Location
- 3120 S Kostner Ave Chicago, Illinois 60623 United States

Information
- School type: Public Secondary
- Established: 2005
- School district: City of Chicago School District
- Principal: Maria Gamboa (Multicultural Arts) Omar Chilous (Social Justice) Brian Joseph Rogers (World Language) Erin walker (Infinity)
- Grades: 9-12
- Enrollment: 270 (Muticultural Arts) 326 (Social Justice) 341 (World Language) 419 (Infinity)
- Campus type: Urban
- Colors: Green Red Purple Blue
- Athletics conference: Chicago Public League
- Nickname: Phoenix
- Website: Little Village Lawndale High School Campus

= Little Village Lawndale High School Campus =

Little Village Lawndale High School Campus is a public high school located in the South Lawndale neighborhood of Chicago, Illinois. The campus contains four autonomous small schools with some shared facilities. LVLHS has a unique campus design that reflects its original inception from a hunger strike in 2001. In 2001, 14 parents and grandparents staged a 19-day hunger strike to urge politicians to fulfill promises to build a high school in the child and adolescent dense Little Village neighborhood.

==Schools==
Each of the four schools within the campus has its own particular focus: the Multicultural Academy of Scholarship High School; the Infinity Math, Science and Technology High School aims to prepare students for jobs requiring strong math, science and technological skills; the World Language High School promotes bilingualism, biculturalism, and learning through the world's languages; and the Social Justice High School's curriculum emphasizes the struggle for social justice.

==History==
Over Mother's Day weekend in 2001, 14 parents and grandparents organized a hunger strike to demand the construction of a high school that had been promised to the community but remained unfunded.

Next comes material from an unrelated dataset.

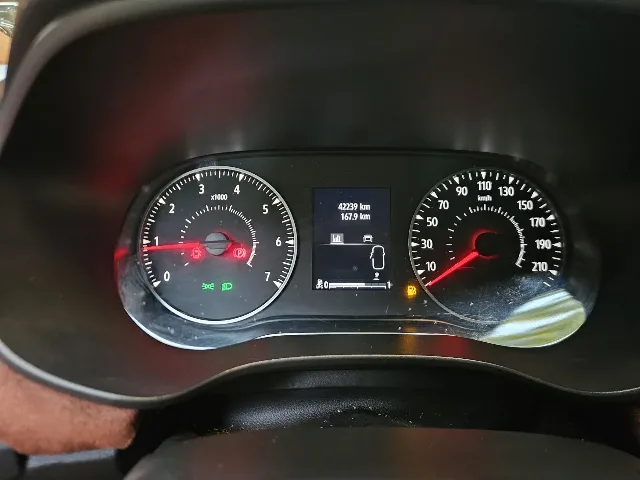 Dacia stepway2023  ecoGBENZINA GAZ DIN FABRICA 42000KM PRET 14000DE EURO NEGOCIABIL STAREA MASINI IMPECABILA MASINA E RETAPITATA SI CU LUMINI AMBIENTALE – fotografia 8 din 8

While Paul Vallas, the CEO of Chicago Public Schools, initially refused to meet with the hunger strikers, by the end of the first week, he visited their tent to negotiate terms. The hunger strike lasted 19 days and increased public pressure on the school district to fund the project. In August 2001, the newly appointed CEO of Chicago Public Schools Arne Duncan reallocated funds to begin construction on the school. Community members continued to advocate for participation in designing the new school, and door-to-door parent surveys contributed to the curricular focus of each school on the campus.

In April 2025, an NBC 5 investigation uncovered how a former dean of the school is one of seven educators who have been fired or resigned since 2017 from Little Village Lawndale High School amid allegations of serious misconduct.

==Athletics==
Students at Little Village Lawndale High School may participate on ten different sports teams, as well as a cheerleading squad. The sports teams are made up of students from all four schools. Track, basketball, cross country, soccer, swimming and diving, volleyball, wrestling, and softball are available to both boys and girls. There are also boys' teams in football and baseball.